Je fis le trajet aller en train, je souris en montant dans la vieille micheline, c’était dans un autre train, plus moderne, plus « luxueux » que j’avais vécu les premières heures de cette vie qui était désormais la mienne. Je découvris la ville entre plaisir et dépit. Christian n’était pas à mes côtés pour me guider et je le regrettais, mais je savais que nous y retournerions très bientôt et je me consolais en me disant que puisqu’il avait choisi la robe que je portais, c’était un peu comme s’il était avec moi.

Je déjeunai dans le petit café qu’il m’avait indiqué. Le serveur plaisantait avec un client. J’aimais l’exubérance des éclats de voix, des gestes, des rires des provençaux. Bien que vivant depuis plusieurs mois en Provence, ce fut ce jour, ce midi précis que j’en pris conscience. La sensation était voluptueuse, un peu comme s’installer confortablement dans un vieux fauteuil, moulé à nos fesses, étendre ses jambes et souffler de soulagement après avoir enfilé ses chaussons un peu usés, pas très sexy, mais dans lesquels on se sent tellement bien… !

Après avoir déjeuné, j’écrivis une longue lettre à Christian pour lui expliquer ce que j’avais ressenti et pour qu’il soit un peu près de moi quand même, puis une autre lettre à mes parents pour les inviter à mon mariage, leur donner des nouvelles de Bonne-Maman. Ma décision les avait un peu inquiétés, alors je leur parlai de ma vie, de mon travail. Maman était « montée » à Paris pour y travailler, elle y avait rencontré mon père et parlait de son village avec ce léger dédain propre aux provinciaux fraîchement installés à la capitale, je faisais le chemin inverse. Je lançai les deux enveloppes dans la première boîte aux lettres que je trouvai sur ma route et passai la fin de l’après-midi à m’émerveiller de cette sensation d’être chez moi, à ma place.

L’après-midi fila à la vitesse de l’éclair et la voiture m’attendait déjà lorsque j’arrivai à la gare. Un homme y était déjà installé. Je m’assis à ses côtés, du bout des doigts, il souleva ma robe, écarta ma culotte et me regarda comme pour estimer la marchandise. Je le trouvais déplaisant, mais quand il sortit sa queue de son pantalon, je fus rassurée. 

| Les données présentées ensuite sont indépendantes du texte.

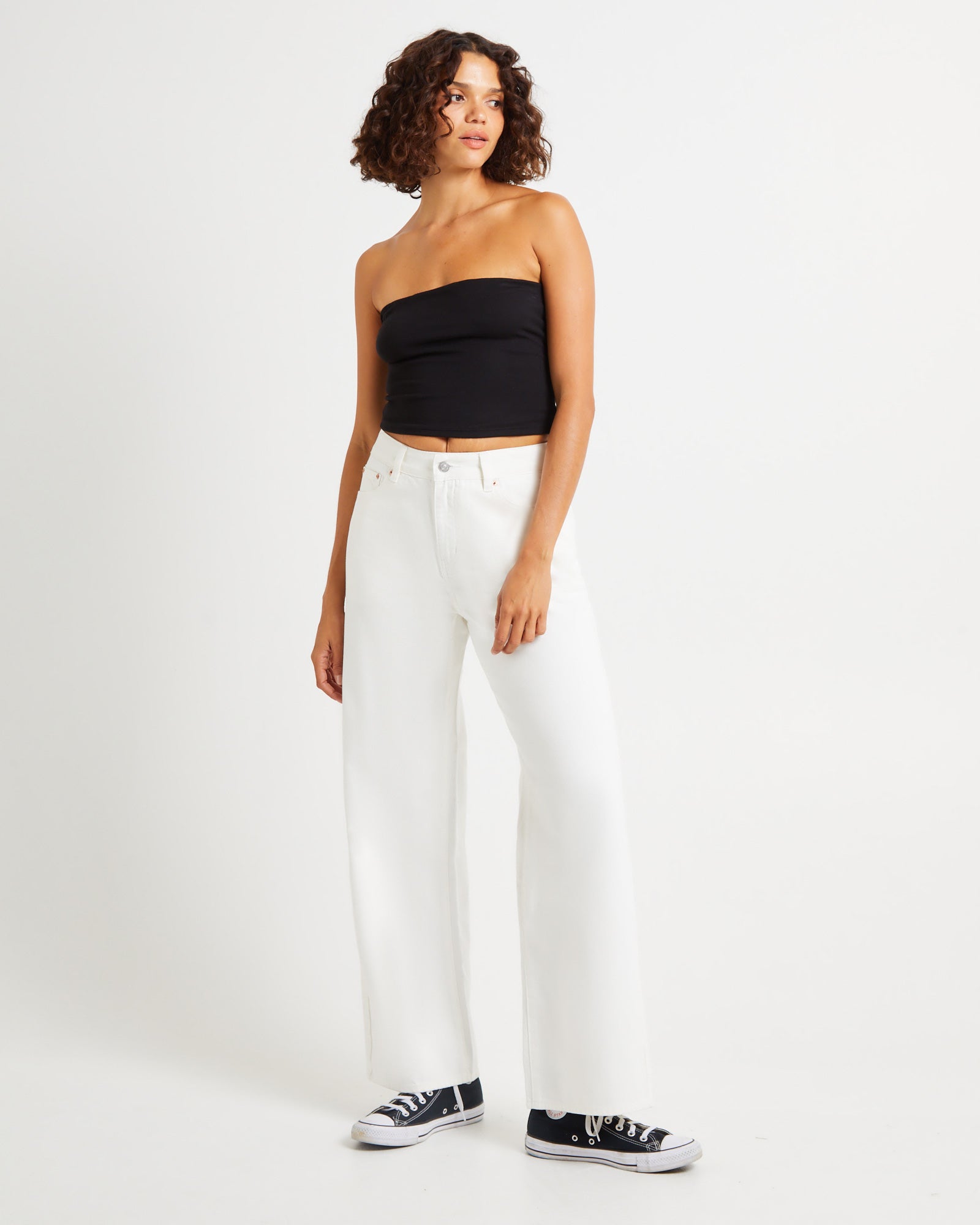 Alexa Mid Rise Relaxed Denim Jeans WHITE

Une longue cicatrice un peu brune dessinait une ligne presque droite le long de sa hampe. Catherine m’avait déjà parlé de cet homme un peu étrange, dont la timidité maladive l’handicapait avec les femmes, mais qui, dès qu’il était rassuré, s’avérait être d’une incroyable gentillesse.

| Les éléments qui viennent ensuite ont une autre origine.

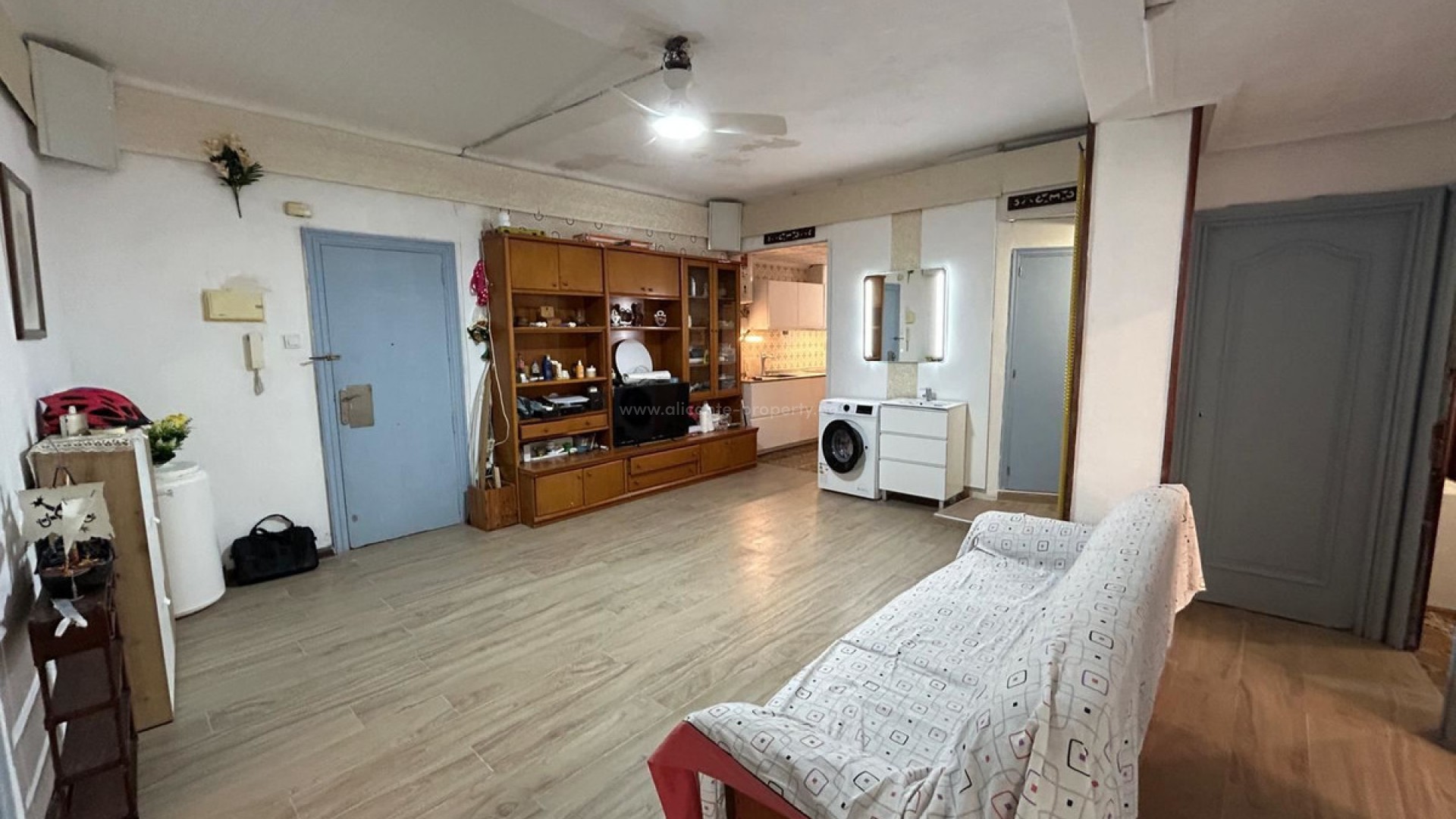 Apartment / flat in Alicante City Centro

Caressant délicatement son membre du plat des ongles, je lui demandai s’il m’autorisait à le sucer un peu en attendant les autres passagers. Il accepta de bon cœur et c’est avec sa queue dans ma bouche que j’entendis la portière s’ouvrir sur les deux derniers passagers, qui nous saluèrent joyeusement.

Le client et le serveur ! C’était donc pour cette raison que Christian avait tant insisté pour que je déjeune dans ce café précis ! Déguisé en chauffeur, il prit place en dernier. Étant occupée à m’installer entre le serveur et le « balafré », je ne l’avais pas vu entrer. Comme convenu, je déclenchai le petit interphone pour lui indiquer l’adresse de Bonne-Maman et « j’omis » de couper le petit micro. Ainsi, Christian entendrait mes ébats et, ne pouvant être spectateur, je lui décrirai avec force détails ce qui se passerait à l’arrière. 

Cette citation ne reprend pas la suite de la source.